_GIVEN RECORDS_

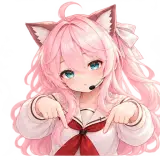 下を指さすはなこ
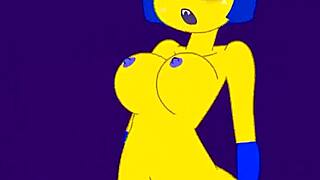 Ankha: The seductive cat woman in a hot anime sex scene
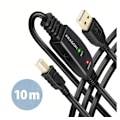 Miniatyrbilde 1 av 6: AXAGON, USB Type A - USB Type B, USB repeaterkabel, 10 m, ADR-210B
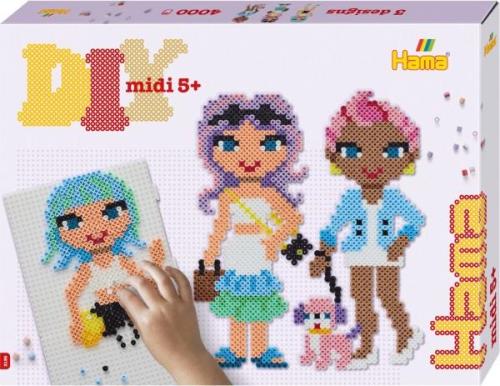 Hama Midi Geschenkbox Fashion Girls 4000 Teile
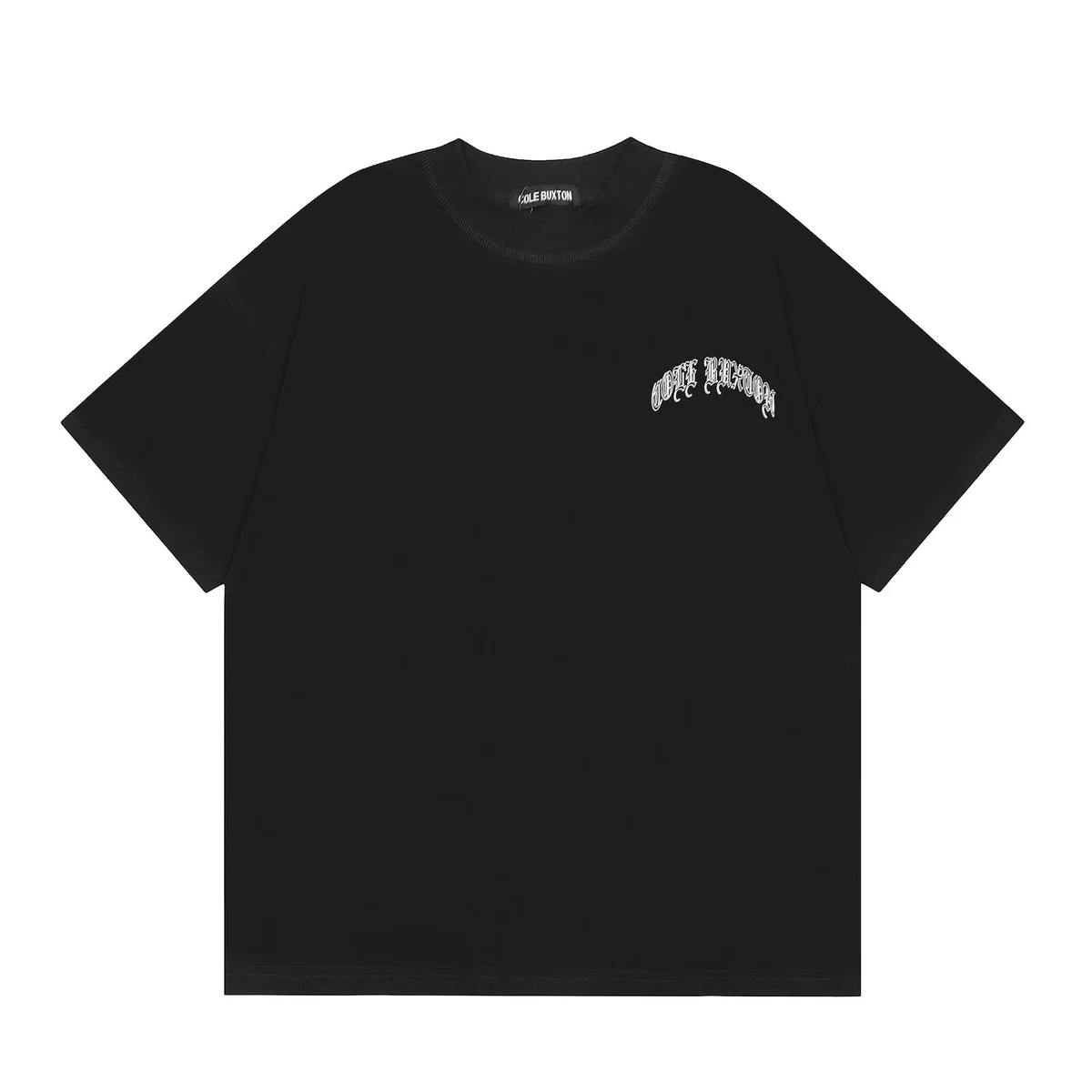 Cole Buxton Cole Buxton Black 'White Buxton' T-Shirt Black - 1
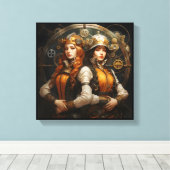 Toile d'art du zodiaque Gémeaux (Insitu (Plancher de Bois))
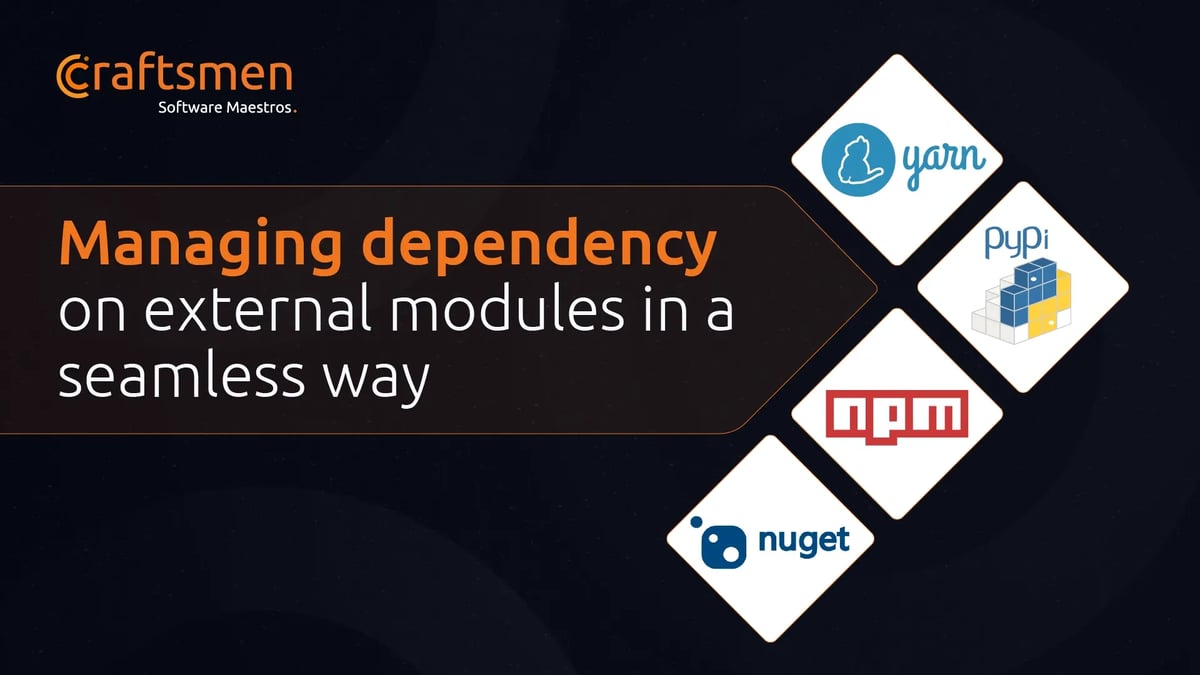 Managing dependency on external modules in a seamless way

_TASK TO COMPLETE_
A faithful copy of every record is needed here. Leave the images out of it.

_TASK ANSWER_
 下を指さすはなこ
 Ankha: The seductive cat woman in a hot anime sex scene
 Miniatyrbilde 1 av 6: AXAGON, USB Type A - USB Type B, USB repeaterkabel, 10 m, ADR-210B
 Hama Midi Geschenkbox Fashion Girls 4000 Teile
 Cole Buxton Cole Buxton Black 'White Buxton' T-Shirt Black - 1
 Toile d'art du zodiaque Gémeaux (Insitu (Plancher de Bois))
 Managing dependency on external modules in a seamless way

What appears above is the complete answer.